C++ Value categories - making your constructors time and memory optimal
Since C++11, a lot of effort is invested in optimizing code for performance. The bottleneck was always copying stuff around and making temporary objects. Since we do not want to come back to CC, in C++11 there is functionality to distinguish if we are passing temporary object or object we will use later.
As you can see, it is important to understand that we are not concerned about parameter type in function but also about if it is temporary object or not.

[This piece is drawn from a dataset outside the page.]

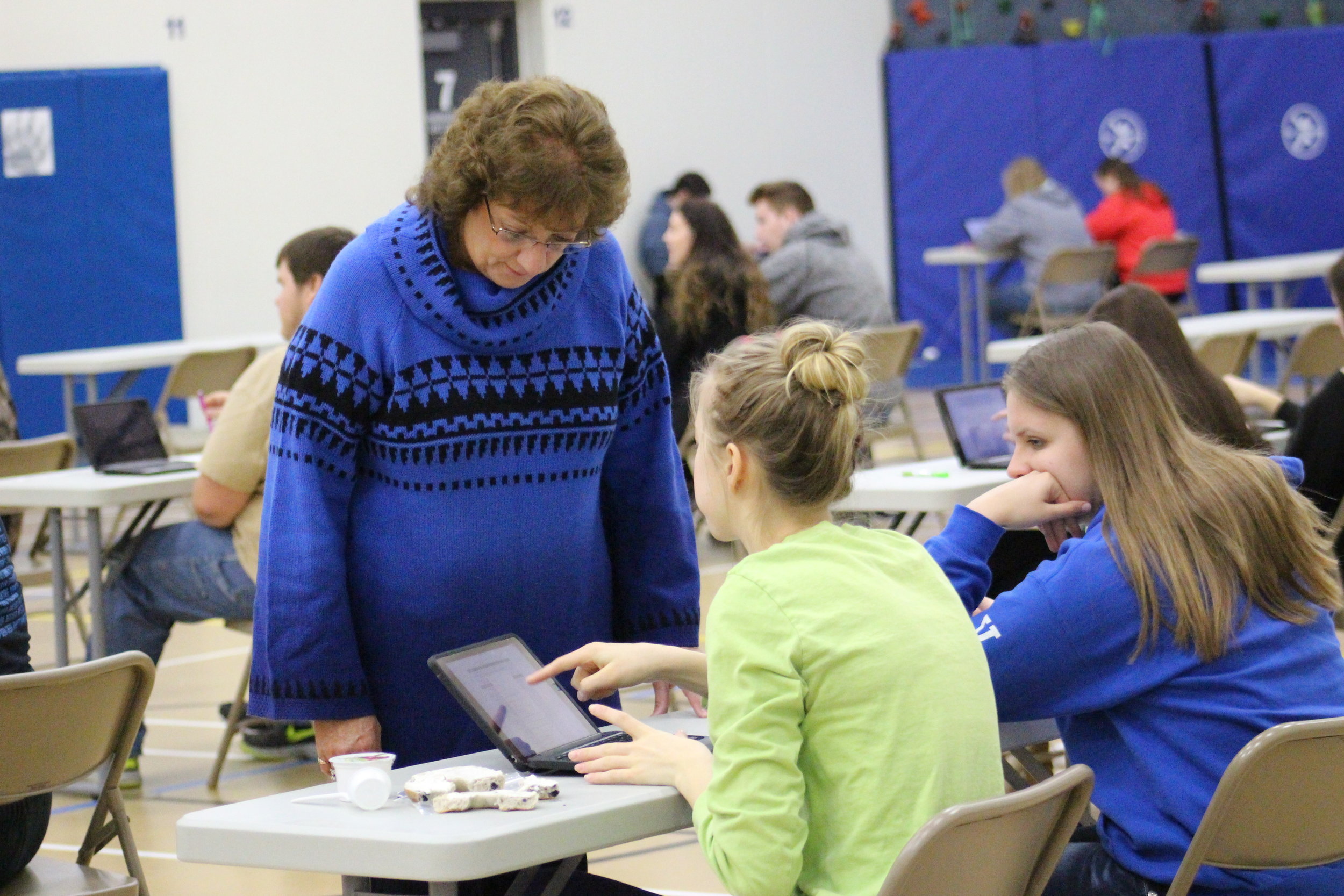 Nancy Rach assists Liz Peterson with a question before the start of the NCRC test this morning in the Auxiliary Gym.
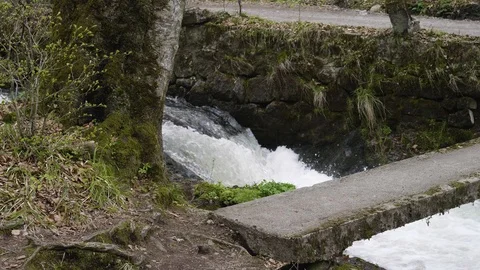 A bridge over a high debit mountain river Stockbeeldmateriaal 88830854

For this reason, there is concept of value category. Value categories existed long before C++ came to this world, one cannot use everything on left-hand side of assignment operator. For instance, the following code in C will be semantically okay:
int a;
a = 5;
“a” is variable of type int, operator =
expects an int on left and an int on right hand side. On the other side, the following code will produce compile error:
int a;
5 = a;
Type semantics are okay here as well: two ints on both sides. The problem is that value category differs. Variable a
is called lvalue while number 5 is called rvalue. When we are using operator “=”, we have to put lvalue on left hand side.
Value categories in C++
In C++, there is huge difference to C. In C, we had two value categories: lvalue and rvalue. These are categories which specify what kind of values can be on left-hand side of assignment operator (and on right hand side as well) and what can be on right-hand side only.
In C++, we have three primitive value categories:
- lvalue (same as in C)
- prvalue (primitive rvalue)
- xvalue (eXpiring value) - used for temporary objects which will be deleted very soon (most probably in the next statement).

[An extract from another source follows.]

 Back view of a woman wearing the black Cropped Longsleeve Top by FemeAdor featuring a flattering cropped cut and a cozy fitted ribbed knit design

Now, there are some generalizations:
- rvalue = prvalue or xvalue
- glvalue(i.e. generalized lvalue) = lvalue or xvalue
So, xvalue is rvalue and glvalue at the same time.
So, lvalue is everything which is addressable. When you want to know if something is lvalue, ask yourself if you can get address of that object. For instance, variables are lvalues because we can get address of them while 5
is not lvalue since we cannot get address of it in memory (it is not explicitly stored in memory).

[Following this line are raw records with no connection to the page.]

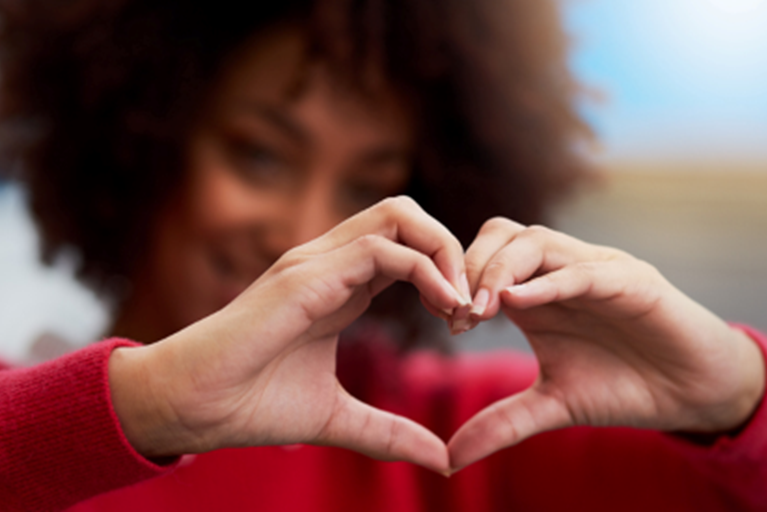 A Black female olds her hands in the shape of a heart.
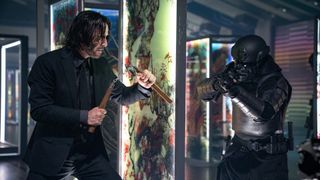 John Wick prepares to attack an enemy in John Wick: Chapter 4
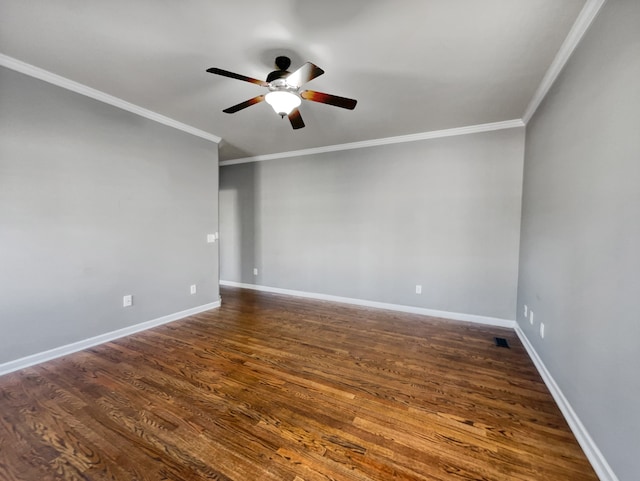 spare room with ornamental molding, dark hardwood / wood-style flooring, and ceiling fan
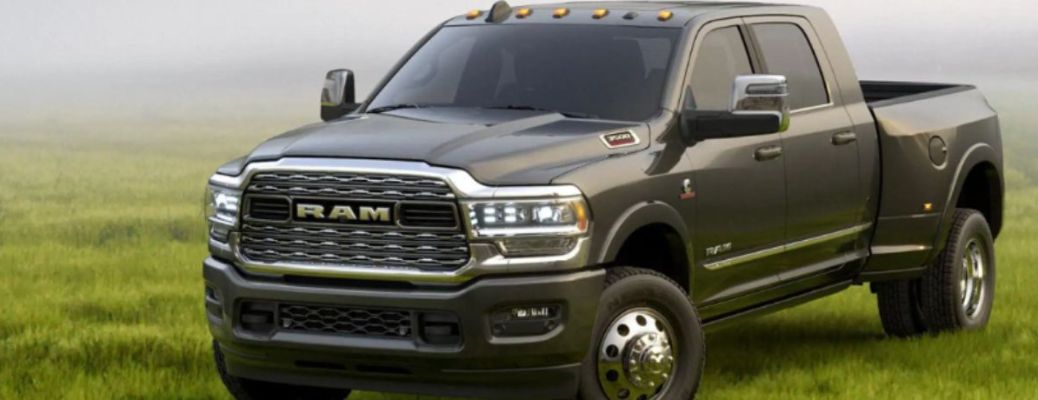 One green color 2023 Ram 3500 is parked on the grass.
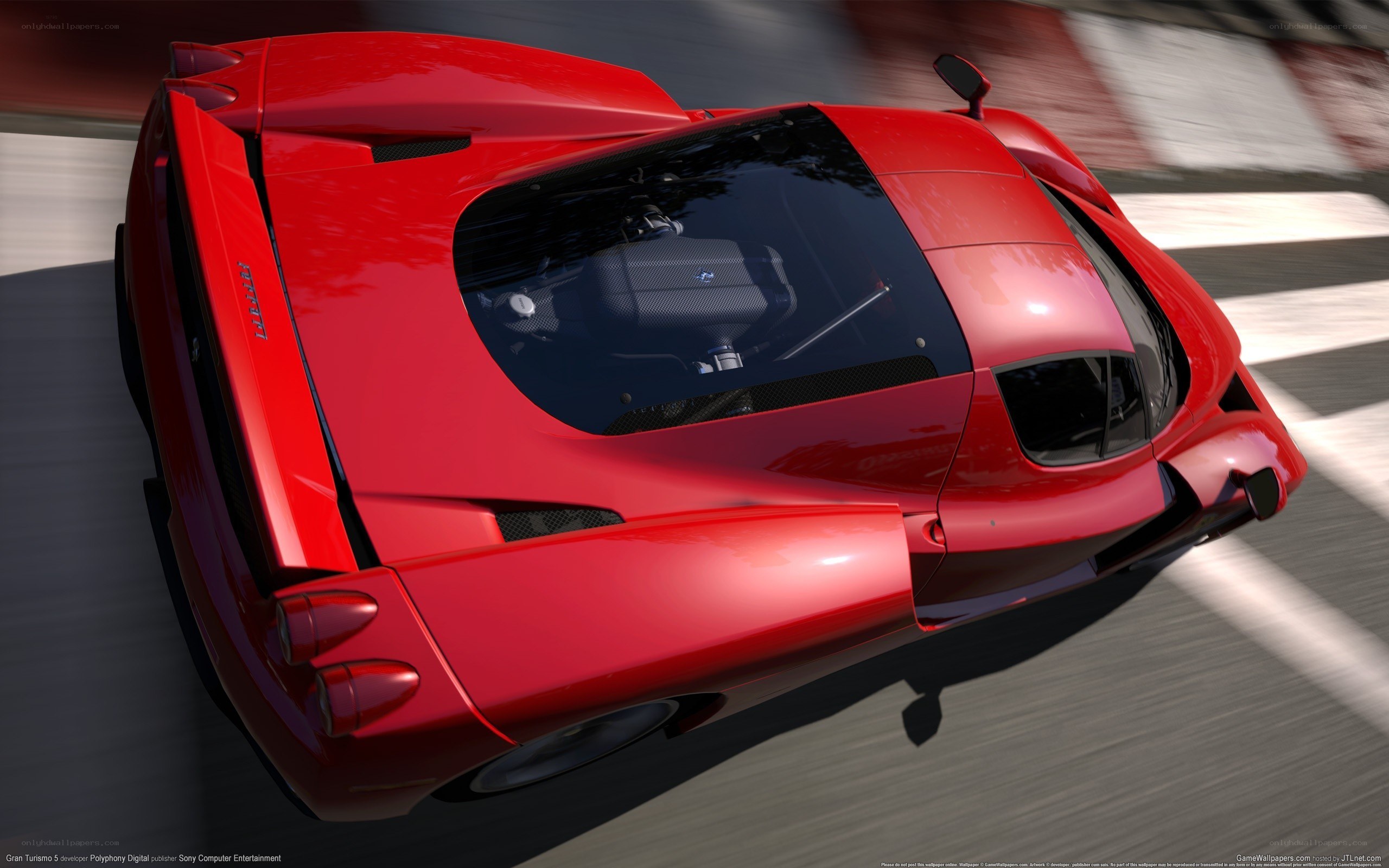 Red Ferrari on racetrack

The tricky part is the following: string constants are lvalues! Same rule applied: we can get address of them since they are stored in memory even though they are not variables.
If we get address of lvalue, it is prvalue since that address is not stored. If we store that address to pointer variable, then pointer variable is lvalue, of course.
Also, when using new
operator for memory allocation, it is stored in memory (we have just allocated space for it) but we cannot reference it unless we save it to variable. So, what is value category of expression with new
operator? It is stored in memory temporally, so it is xvalue.
everything else is prvalue.
Attention! this
pointer is also prvalue, even though it is variable. The reason for this is it is stored in register on most architectures rather then in memory, so address of it cannot be read.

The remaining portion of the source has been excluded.